Thursday, May 29, 2014

"Not All Men"

There is a feminist meme referred to as Not All Men.  It mocks men who don't want to be demonized and associated with rapists.  The idea is that when people are chastising all men as a demographic and calling them out as the source of almost all that is wrong in the world, "it's not helpful" for a man to suggest that not all men are evil.  In fact, it's asserted that such a defense is counter productive to the discussion.

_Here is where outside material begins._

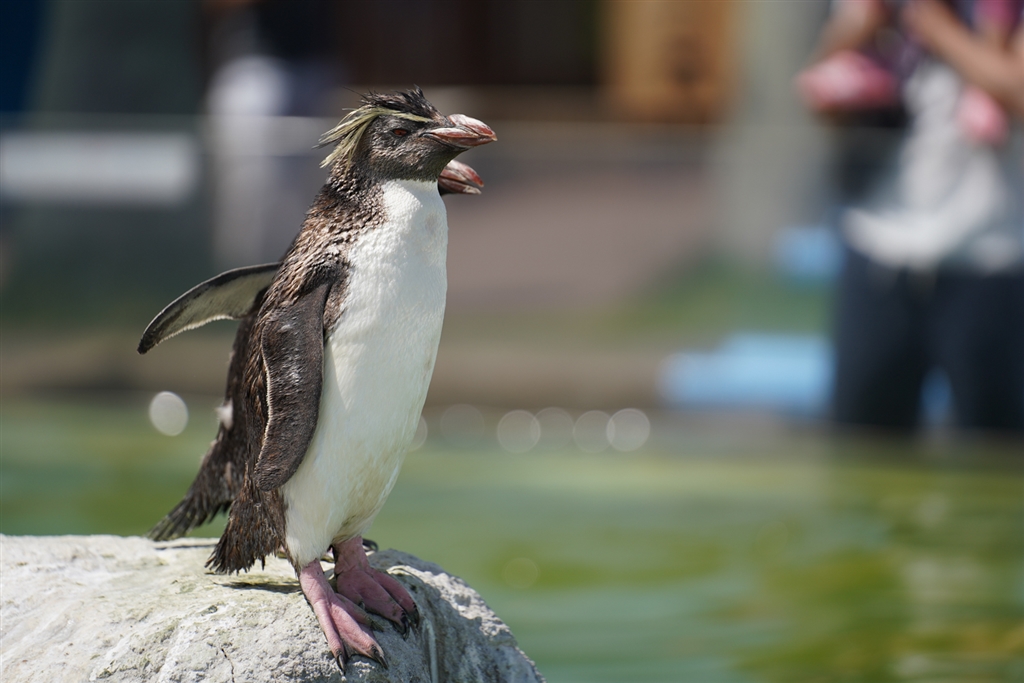 価格.com - 『ペンギン』SONY FE 70-200mm F4 G OSS SEL70200G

That's exactly what it is- a defense.  A defense is needed because men are being attacked.  Whether a particular male involved in the discussion is part of the problem or not doesn't matter, all males are at fault.  Men are collectively called out as evil, as rapists, as misogynists, as being at fault for women making less, and a variety of other issues.  For sure, there are many men who are evil, rapists, misogynists and so on.  But lumping all men into a single category so they are easier to hate, rather than treating people like individuals, isn't helpful to advancing women's rights.  It puts men on the defensive.  It gives men the option of either being self-loathing or anti-feminism.  That's a terrible choice.

Thursday, March 27, 2014

An Amazing Book - Out of the Mountains

I'm just finishing up one of the best books I've read, Out of the Mountains by David Kilcullen.  If you have any interest in terrorism, organized crime or what keeps communities together, I highly recommend it.  It's the sort of book that made me thoughtful, offered a new perspective on many subjects and has inspired me to do some additional research.  It comes with my highest recommendation. 

Friday, March 7, 2014

All Hail the Police State, Part 18

I've written before about various government agencies that have firearms and SWAT teams, like the Department of Education.  Today I noticed that the newest SWAT team that's come to my attention is operated by the Texas Parks and Wildlife department.  You know, game wardens and park rangers.  Because the new futuristic super-poacher needs a militarized game warden to stop him.  Part of the  arsenal?  Gunboats mounted with .30 caliber machine guns including a 65 foot gulf patrol boat.  65' is almost superyacht status, a big freaking boat that cost millions of dollars.  To make sure people have their proper fishing permits, I guess.

That is crazy.

Almost as crazy as the Missouri Water Patrol, that has a SWAT team.  That trains on land.  Because, you know, they need a SWAT team to combat frat boys getting drunk and girls without their tops on in party cove at Lake of the Ozarks.

Stay safe out there!

Wednesday, February 12, 2014

All Hail the Police State, Michael Bane Edition

I'm a fan of the Michael Bane Podcast and today's episode was particular topical.  He discusses the increasing prevalence of using SWAT teams in a dynamic entry (kicking in doors and using concussion grenades) for mundane warrants is putting officers at risk.  I agree.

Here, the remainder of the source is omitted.